• Re: Character non-equivalence, was Byte Addressability And Beyond

    From John Levine@21:1/5 to ThatWouldBeTelling@thevillage.com on Fri Jun 7 21:26:03 2024
    It appears that EricP <ThatWouldBeTelling@thevillage.com> said:
    Eeewww... I didn't even think of that.
    What does one do about them? You can't treat them as equivalent in a
    string compare... the user might want the first B and not second B.

    People keep rediscovering that when you're using Unicode, nothing is
    simple. One of its canonical forms is NFKC which uses composed
    versions of accented characters, and uses a canonical equivalence rule
    to turn some kinds of characters that look similar into a single form.
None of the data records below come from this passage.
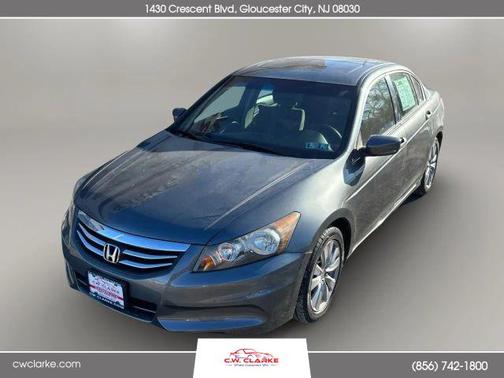 2011 Honda Accord EX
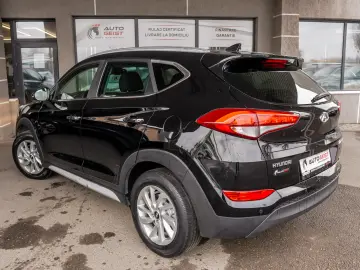 HYUNDAI TUCSON 1.7CRDI 2WD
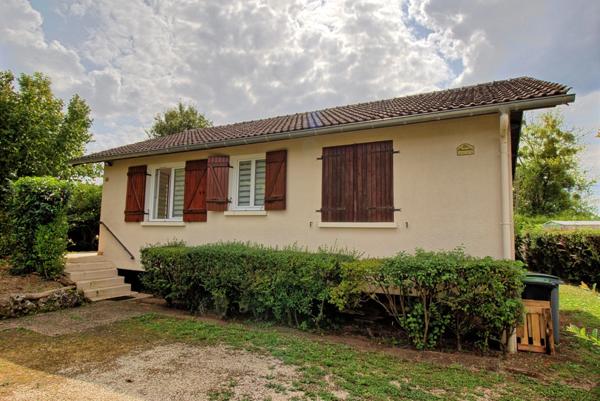 Maison en grande partie rénovée - Quartier du paquier du bois - Pontailler sur Saone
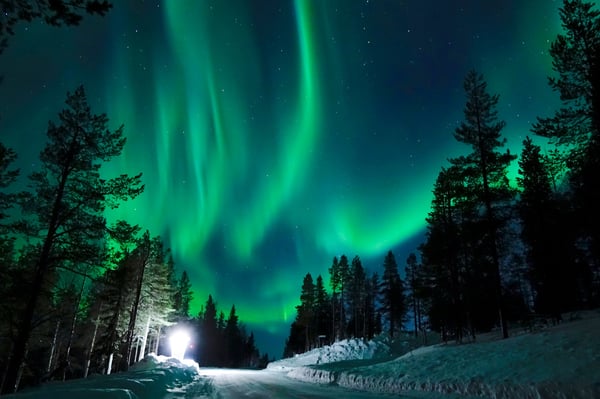 Rovaniemi Airport Transfers (RVN)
    That solves some of the problems but not even close to all of them.
    The rules about whether two strings are upper/lower caase equivalent
    depend on the language and sometimes even the local version of the
    language, e.g. French French and Quebec French have different
    conventions about accented capital letters.

    The only thing I can say with confidence is that any rule that starts
    with "You can just ..." is wrong.

    --
    Regards,
    John Levine, johnl@taugh.com, Primary Perpetrator of "The Internet for Dummies",
    Please consider the environment before reading this e-mail. https://jl.ly

    --- SoupGate-Win32 v1.05
    * Origin: fsxNet Usenet Gateway (21:1/5)
  • From Lawrence D'Oliveiro@21:1/5 to John Levine on Sun Jun 9 03:23:50 2024
    On Fri, 7 Jun 2024 21:26:03 -0000 (UTC), John Levine wrote:

    People keep rediscovering that when you're using Unicode, nothing is
    simple.

    Unicode is the first successful attempt at capturing the complexity of
    human writing in a computer code.

    Now, suddenly, those whose experience of “text processing” was only in ASCII, or Windows-1252, or something basic like that, are confronted with
    the full reality of a multilingual, multicultural, multinational world.

    --- SoupGate-Win32 v1.05
    * Origin: fsxNet Usenet Gateway (21:1/5)